In an aarch64 Fedora 24 guest, I installed the "fedora-packager" package. I
grabbed the ARM koji configuration from it, and tried to pass it to  fedpkg
with --config. Unfortunately, the fedpkg command needs a *higher level*
configuration file, which in turn references the koji config file. I found
this higher level fedpkg config file on my RHEL-7 system
(/etc/rpkg/fedpkg.conf), but I failed to customize it (beyond the reference
to the ARM koji config file) for aarch64. I found no usable documentation
either.

Thus, shim in Fedora 24 needs a backport of upstream commit d01421eb5ae6,
otherwise it corrupts the grubaa64.efi image, and I couldn't test such a
build myself, because the infrastructure is plain unusable for someone who
doesn't work with it every day.

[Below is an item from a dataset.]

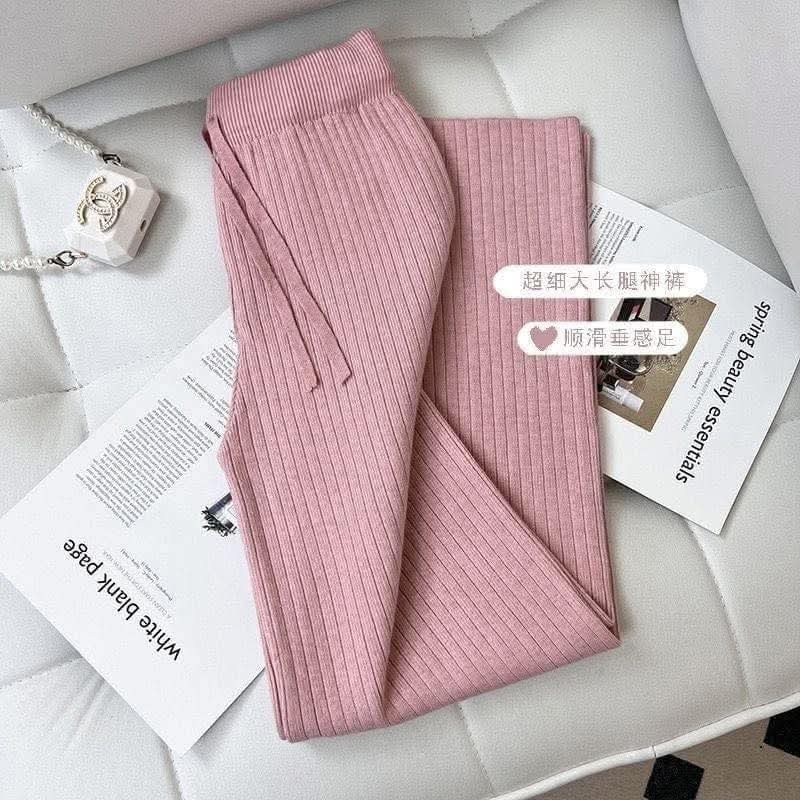 بنطلون صوف واسع (Knit) بخصر مرتفع ومضلع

Not good, Fedora, not good.

Yesterday I also looked at that with help from Peter Jones. Shim is definitely the source of problem.

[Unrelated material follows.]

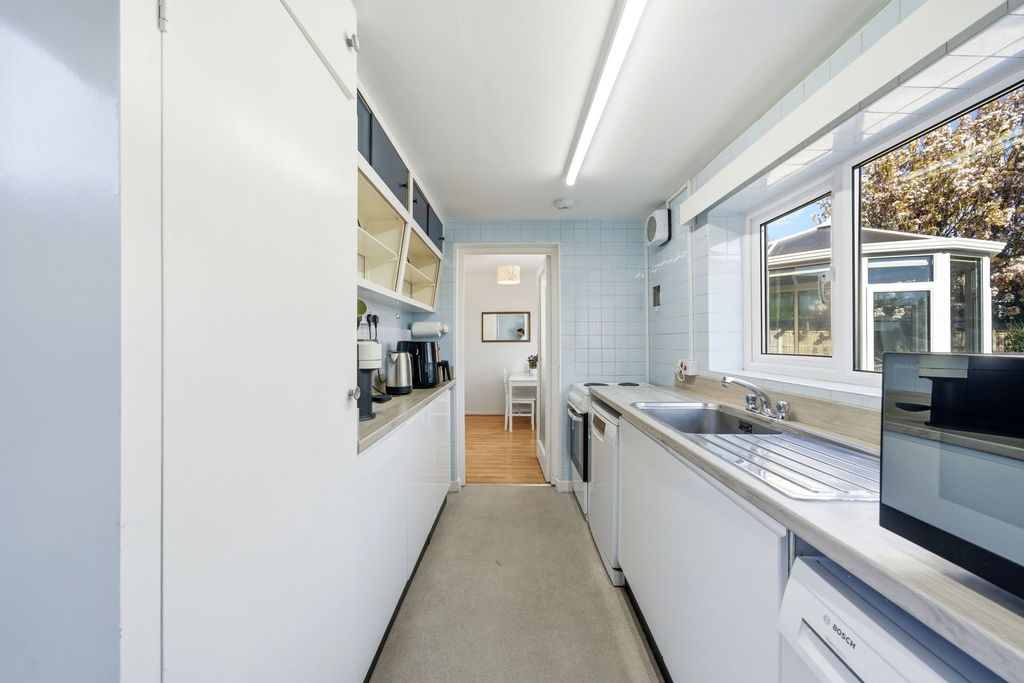 Property photo 2 of 25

shim-signed-0.8-9 has been submitted as an update to Fedora 24. https://bodhi.fedoraproject.org/updates/FEDORA-2016-0b7e5ceb72

Fedora 24 cloud image from 20160518 booted perfectly:

FSOpen: Open '\EFI\BOOT\BOOTAA64.EFI' Success
FSOpen: Open '\EFI\BOOT\BOOTAA64.EFI' Success
InstallProtocolInterface: 5B1B31A1-9562-11D2-8E3F-00A0C969723B B9F3D8C0
Loading driver at 0x000B8564000 EntryPoint=0x000B8564148
Loading driver at 0x000B8564000 EntryPoint=0x000B8564148 
InstallProtocolInterface: BC62157E-3E33-4FEC-9920-2D3B36D750DF BB1D3998
Failed to set MokListRT: Invalid Parameter
FSOpen: Open '\EFI\BOOT\fallback.efi' Success
FSOpen: Open '\EFI\BOOT\fallback.efi' Success
System BootOrder not found.  Initializing defaults.
FSOpen: Open 'EFI' Success
FSOpen: Open 'fedora' Success
FSOpen: Open 'BOOT.CSV' Success
FSOpen: Open '\EFI\fedora\BOOT.CSV' Success
Creating boot entry "Boot0003" with label "Fedora" for file "\EFI\fedora\shim.efi"
FSOpen: Open '\EFI\fedora\shim.efi' Success
InstallProtocolInterface: 5B1B31A1-9562-11D2-8E3F-00A0C969723B B9F41AC0
Loading driver at 0x000B8498000 EntryPoint=0x000B8498148
Loading driver at 0x000B8498000 EntryPoint=0x000B8498148 
InstallProtocolInterface: BC62157E-3E33-4FEC-9920-2D3B36D750DF B9F3DB58
Failed to set MokListRT: Invalid Parameter
FSOpen: Open '\EFI\fedora\grubaa64.efi' Success




      Fedora (4.5.4-300.fc24.aarch64) 24 (Cloud Edition)                        
                                                                               
                                                                               
                                                                               
                                                                               
                                                                               
                                                                               
                                                                               
                                                                               
                                                                               
                                                                               
                                                                               
                                                                               
                                                                               
                                                                               
                                                                                

      Use the ^ and v keys to change the selection.                       
      Press 'e' to edit the selected item, or 'c' for a command prompt.   
   The selected entry will be started automatically in 0s.

Fixed in today's compose

https://dl.fedoraproject.org/pub/fedora-secondary/development/24/

shim-signed-0.8-9 has been pushed to the Fedora 24 testing repository. If problems still persist, please make note of it in this bug report.
See https://fedoraproject.org/wiki/QA:Updates_Testing for
instructions on how to install test updates.
You can provide feedback for this update here: https://bodhi.fedoraproject.org/updates/FEDORA-2016-0b7e5ceb72

shim-signed-0.8-9 has been pushed to the Fedora 24 stable repository. If problems still persist, please make note of it in this bug report.